ACHF Arts Education
Minnesota Prison Writing Workshop will provide learners at six Minnesota prison facilities access to in-depth arts experience that deepens a habit of art and fosters a writing community inside underserved prisons. We'll track the number of inmates who have arts access for the first time, the number of inmates who attend readings given by peers, the number of peer-mentors that participate, and we'll administer evaluations to learners. 2: Previously underserved Minnesotans and their incarcerated peers will have greater access to art and peer groups within prison. Public will also engage in the work of incarcerated writers. Success is evaluated through discussions, written work and evaluations that assess workshops' impact on the students and students' audience. We'll track postcard responses to students' public readings.

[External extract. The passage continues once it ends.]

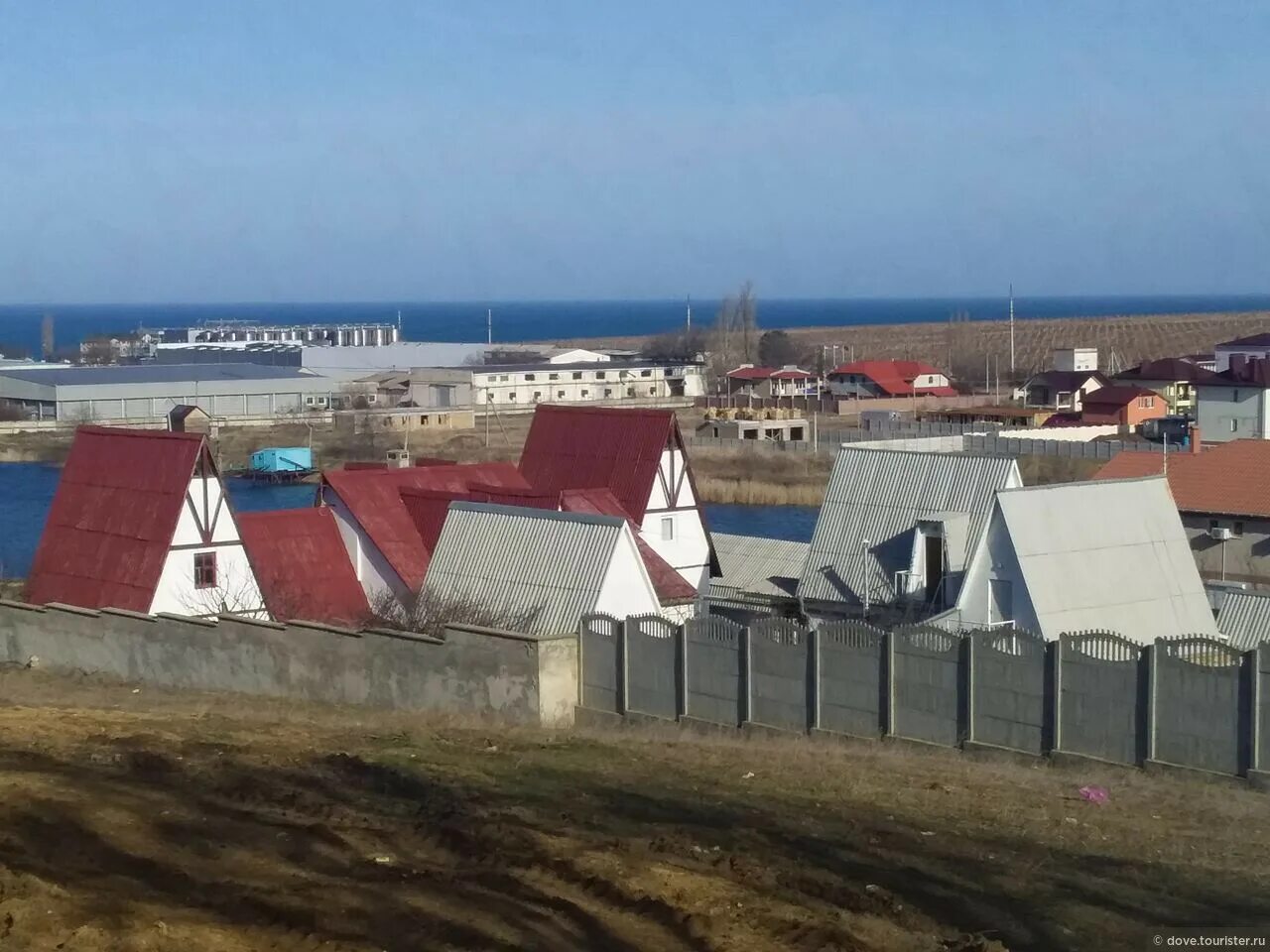 Село угловое бахчисарайский. Угловое Бахчисарайский район Крым. Село угловое Севастополь. Набережная угловое Бахчисарайский район. Село угловое набережная.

Instructors taught creative writing to incarcerated Minnesotans in nineteen ten-week courses in under serviced state prisons. For each course, we administered beginning and end evaluations to students, and averaged their responses program wide. For audience feedback, we solicited responses to student work. The audience provided over 250 affirming and specific postcards of feedback and praise, which we were then able to share with each writer. Dr. Sharon Preves, a sociologist at Hamline University, redesigned our evaluations for 2015. These new evaluations greatly reduced the chance of error when filling out an evaluation and gave us new and clearer insight into our students’ experiences. 2: We were able to teach approximately 160 incarcerated Minnesotans who've never had a creative writing class in prison. We counted students in each class. We distributed evaluations in each class. In addition, we passed out hundreds of postcards throughout the night of the public reading. Audience members were instructed to raise their hands if they ran out of postcards, which many did, often. They were a generous group and filled their cards with specific, concrete feedback on both the writing and the experience of hearing the writing in a room full of DOC staff, writers, friends and family members of the incarcerated, and former students. For this first time this year, two of our former students, now released, came to read their own work.